Alexander and Mel’s blitz on Sunday was an excellent experience all round – lots of new faces among the blitz regulars, lots of energy, perfect weather, and of course some delicious lunch!

Thanks to everyone who worked super hard smashing in the swaled vegie beds, clearing and mulching the food forest, removing grass and filling the verge with natives and mulch, putting up the chicken house, and generally clearing and improving the site.

One the mulch dust has settled, we’ll put up some reflections and photos from the day!

 

Companion planting herbs

How is everyone’s winter gardening going?
Our resident propagation guru, Sheryl, has dug up this excellent list of companion planting herbs to use in the garden

Companion planting herbs

http://www.almanac.com/

Basil In the garden: Plant with tomatoes. Repels flies and mosquitoes.
In the kitchen: Use in tomato dishes, pesto, sauces, and salad dressings.

 

Chives
In the garden: Plant with carrots.
In the kitchen: Related to the onion, chives enliven vegetable dishes, dressings, casseroles, rice, eggs, cheese dishes, sauces, gravies, and dips.

Dill
In the garden: Plant with cabbages. Keep away from carrots.
In the kitchen: Use seed for pickles and also to add aroma and taste to strong vegetables like cauliflower, cabbage, and turnips. Use fresh with green beans, potato dishes, cheese, soups, salads, seafood, and sauces.

Mint
In the garden: Plant near cabbage and tomatoes. Deters white cabbage moth.
In the kitchen: It is common in Middle Eastern dishes. Use with roast lamb or fish and in salads, jellies, or teas.

Oregano
In the garden: Good companion to all vegetables.
In the kitchen: Of Italian origin, its taste is zesty and strong, good in any tomato dish.
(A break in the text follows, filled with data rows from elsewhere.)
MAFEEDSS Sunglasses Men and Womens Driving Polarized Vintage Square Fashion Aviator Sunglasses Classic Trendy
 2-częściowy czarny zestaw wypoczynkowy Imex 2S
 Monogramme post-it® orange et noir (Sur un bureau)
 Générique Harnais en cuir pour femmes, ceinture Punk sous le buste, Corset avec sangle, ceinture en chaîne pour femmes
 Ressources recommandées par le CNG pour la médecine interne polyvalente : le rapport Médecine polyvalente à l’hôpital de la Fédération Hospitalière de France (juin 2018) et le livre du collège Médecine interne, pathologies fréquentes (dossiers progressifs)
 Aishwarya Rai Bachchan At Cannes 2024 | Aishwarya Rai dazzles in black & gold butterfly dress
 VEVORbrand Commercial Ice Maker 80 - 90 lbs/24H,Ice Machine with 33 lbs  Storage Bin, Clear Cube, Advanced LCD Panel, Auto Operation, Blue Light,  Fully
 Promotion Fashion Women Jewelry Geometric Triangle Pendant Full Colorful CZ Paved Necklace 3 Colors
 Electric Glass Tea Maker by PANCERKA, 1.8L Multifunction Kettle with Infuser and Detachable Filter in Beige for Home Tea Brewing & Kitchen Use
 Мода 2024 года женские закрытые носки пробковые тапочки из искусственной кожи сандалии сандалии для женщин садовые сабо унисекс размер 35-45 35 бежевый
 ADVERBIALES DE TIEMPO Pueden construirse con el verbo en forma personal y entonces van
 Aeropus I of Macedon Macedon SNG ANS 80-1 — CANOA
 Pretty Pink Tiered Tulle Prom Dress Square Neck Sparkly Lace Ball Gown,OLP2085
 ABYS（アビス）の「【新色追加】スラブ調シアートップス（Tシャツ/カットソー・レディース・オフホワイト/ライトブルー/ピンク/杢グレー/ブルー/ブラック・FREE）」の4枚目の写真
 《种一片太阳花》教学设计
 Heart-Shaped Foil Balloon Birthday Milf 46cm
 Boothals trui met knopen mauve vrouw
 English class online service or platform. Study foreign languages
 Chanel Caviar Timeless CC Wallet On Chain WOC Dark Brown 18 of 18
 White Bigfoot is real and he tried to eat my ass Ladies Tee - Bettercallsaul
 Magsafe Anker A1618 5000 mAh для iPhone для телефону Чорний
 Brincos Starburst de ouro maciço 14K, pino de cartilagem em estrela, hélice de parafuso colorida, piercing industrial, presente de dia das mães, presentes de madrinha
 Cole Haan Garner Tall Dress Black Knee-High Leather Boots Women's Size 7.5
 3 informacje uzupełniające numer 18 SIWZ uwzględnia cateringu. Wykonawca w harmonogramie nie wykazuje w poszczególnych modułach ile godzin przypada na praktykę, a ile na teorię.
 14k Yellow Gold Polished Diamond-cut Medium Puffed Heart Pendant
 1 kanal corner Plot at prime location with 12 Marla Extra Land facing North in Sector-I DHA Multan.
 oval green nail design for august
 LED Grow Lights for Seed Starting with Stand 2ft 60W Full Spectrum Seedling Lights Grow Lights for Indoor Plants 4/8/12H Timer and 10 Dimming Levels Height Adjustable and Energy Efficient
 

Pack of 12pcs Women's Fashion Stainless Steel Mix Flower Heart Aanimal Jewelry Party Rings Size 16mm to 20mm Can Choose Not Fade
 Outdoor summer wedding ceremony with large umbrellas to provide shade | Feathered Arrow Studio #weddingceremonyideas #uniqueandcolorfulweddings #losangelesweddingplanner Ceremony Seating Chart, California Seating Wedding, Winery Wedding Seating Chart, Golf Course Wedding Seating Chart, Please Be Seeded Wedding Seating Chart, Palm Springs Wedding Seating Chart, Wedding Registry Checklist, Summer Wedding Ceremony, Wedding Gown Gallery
Try oregano with summer squash and potatoes, mushroom dishes, beans, or in a marinade for lamb or game.

Parsley
In the garden: Plant near asparagus, corn, and tomatoes.
In the kitchen: Use fresh parsley in soups, sauces, and salads. It lessens the need for salt in soups. You can fry parsley and use it as a side dish with meat or fish. It is, of course, the perfect garnish.

Rosemary
In the garden: Plant near cabbage, beans, carrots, and sage. Deters cabbage moth, bean beetles, and carrot fly.
In the kitchen: Use for poultry, lamb, and tomato dishes, stews, soups, and vegetables. Try it finely chopped in breads and custards.

Sage
In the garden: Plant near rosemary, cabbage, and carrots; away from cucumbers. Deters cabbage moth and carrot fly.
In the kitchen: Use in cheese dishes, stuffing’s, soups, pickles, with beans and peas, and in salads. Excellent for salt-free cooking.

Tarragon
In the garden: Good companion to most vegetables.
In the kitchen: Great with meat, eggs, poultry, seafood, and in salad dressings, marinades, and sauces.

Thyme
In the garden: Plant near cabbage. Deters cabbage worm.
In the kitchen: Use in casseroles, stews, soups, ragouts, and with eggs, potatoes, fish, and green vegetables.

More Herbs

Anise 
In the garden: Plant with coriander, which promotes its germination and growth.
In the kitchen: Use in cookies, cakes, fruit fillings, and breads, or with cottage cheese, shellfish, and spaghetti dishes.

Borage 
In the garden: Plant with tomatoes, squash, and strawberries. Deters tomato worm.
In the kitchen: Use leaves in salads; flowers in soups and stews.

 Caraway 
In the garden: Plant here and there. Loosens soil.
In the kitchen: Use in rye breads, cheese dips and rarebits, soups, applesauce, salads, coleslaw, and over pork or sauerkraut.

 Chervil 
In the garden: Plant with radishes.
In the kitchen: Use with soups, salads, sauces, eggs, fish, veal, lamb, and pork.

Fennel 
In the garden: Plant away from other herbs and vegetables.
In the kitchen: Use to flavor pastries, confectionery, sweet pickles, sausages, tomato dishes, soups, and to flavor vinegars and oils. Gives warmth and sweetness to curries.

Garlic 
In the garden: Plant near roses and raspberries. Deters Japanese beetle.
In the kitchen: Use in tomato dishes, garlic bread, soups, dips, sauces, marinades, or with meats, poultry, fish, and vegetables.

Lovage 
In the garden: Plant here and there to improve the health and flavor of other plants.
In the kitchen: It’s a great flavoring for soups, stews, and salad dressings. Goes well with potatoes. The seeds can be used on breads and biscuits.

Marjoram 
In the garden: Good companion to all vegetables.
In the kitchen: Excellent in almost any meat, fish, dairy, or vegetable dish that isn’t sweet. Add near the end of cooking.

Summer Savory 
In the garden: Plant with beans and onions to improve growth and flavor.
In the kitchen: Popular in soups, stews, stuffings, and with fish, chicken, green beans, and eggs.

 

Permablitz #14 – Farmers by Choice

This blitz was one of the most epic sites yet! There was a great showing from the local community, who already knew the hosts from their previous work with the Flame Tree Community Co-Op and other permaculture projects around the area. It’s really wonderful to see the networks and connections strengthening, and people working together, sharing knowledge and resources. The hosts (Luke, Nathan, Marina, and David) were amazing and did so much pre-preparation work getting the site ready for the day and it was a smooth and enjoyable blitz day as a result!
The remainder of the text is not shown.